## Task requirements:
Locate "Used 2022 Jeep" in the data below, then output the line it is on and all following lines through the last, word for word. Skip any pictures.

## Data extract:
------------
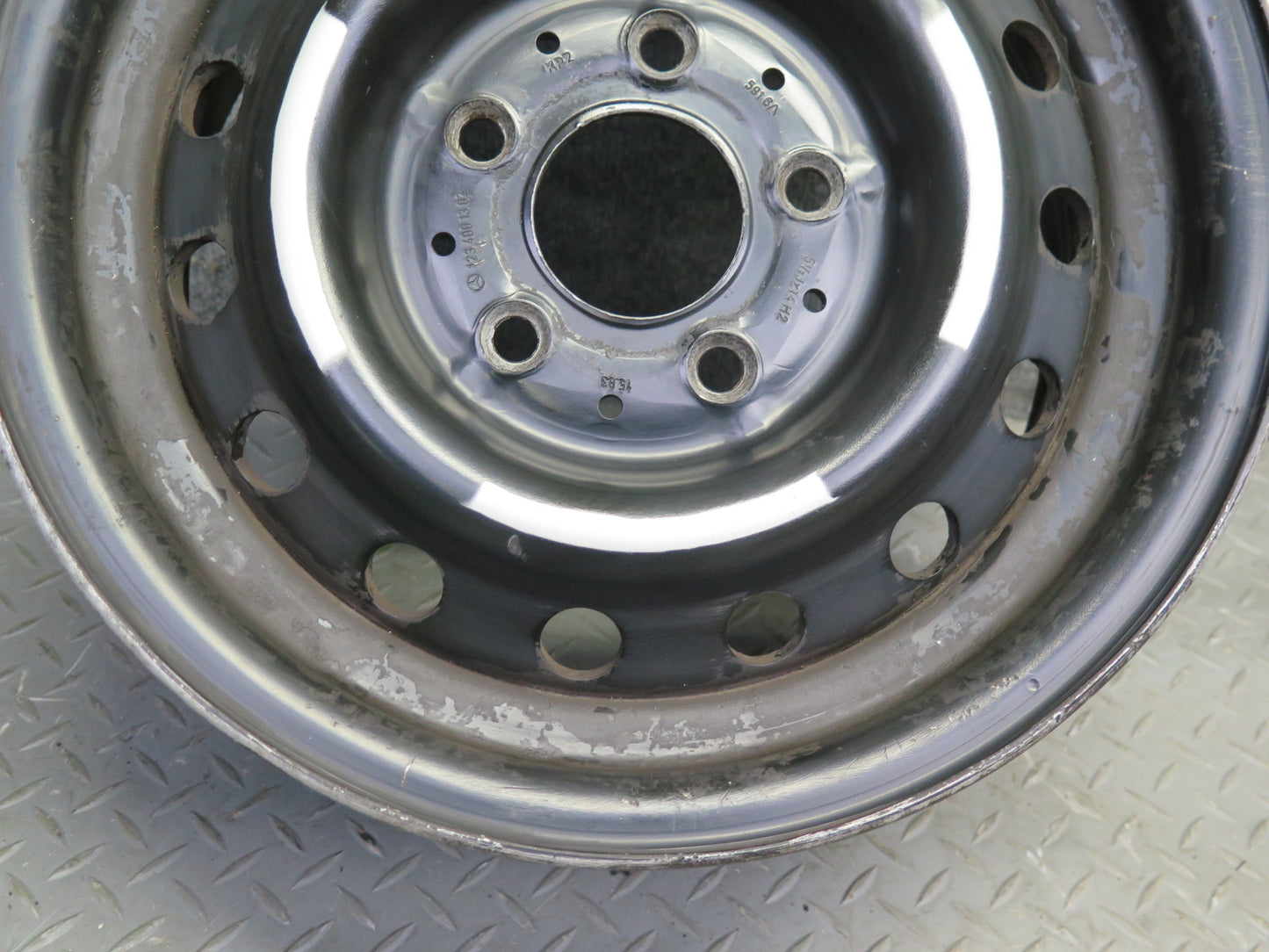 74-85 Mercedes W123 Factory 14" R14 Alloy Wheel Rim 14x5.5J ET30 1234001302 OEM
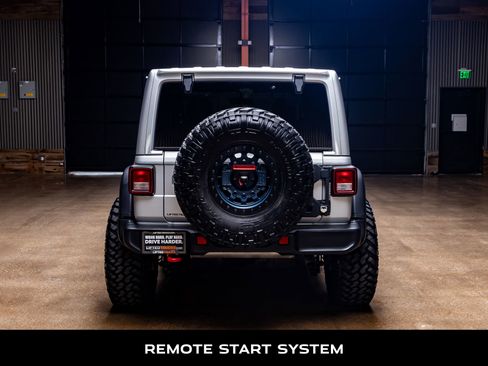 Used 2022 Jeep Wrangler Rubicon AWD/4WD image 7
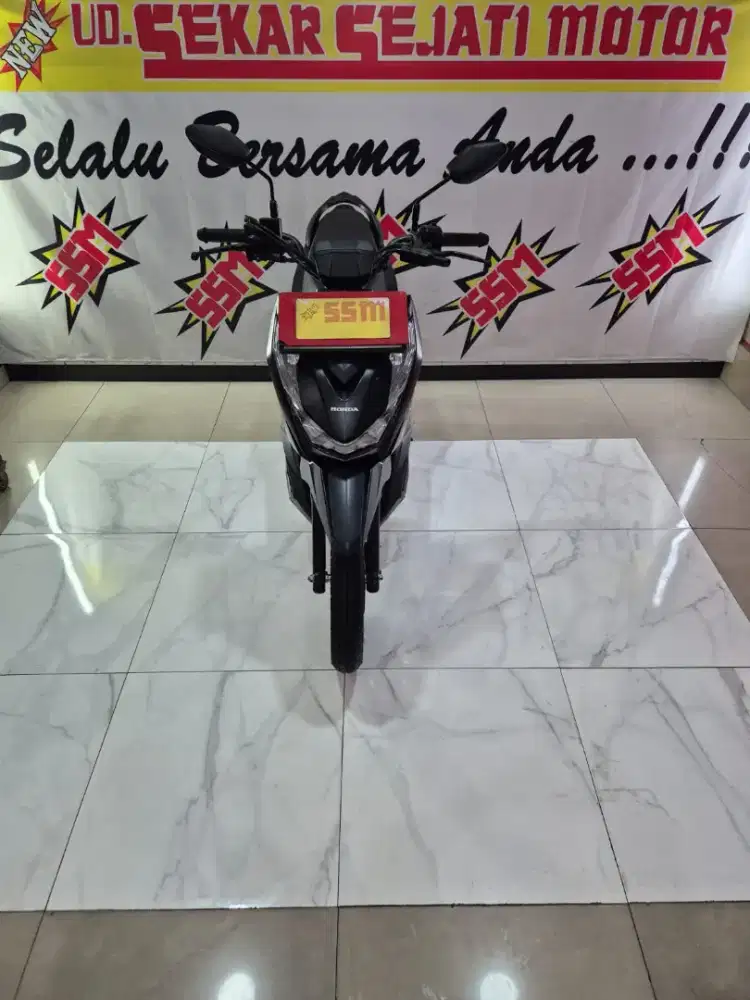 H beat led cbs street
------------
## Task output:
 Used 2022 Jeep Wrangler Rubicon AWD/4WD image 7
 H beat led cbs street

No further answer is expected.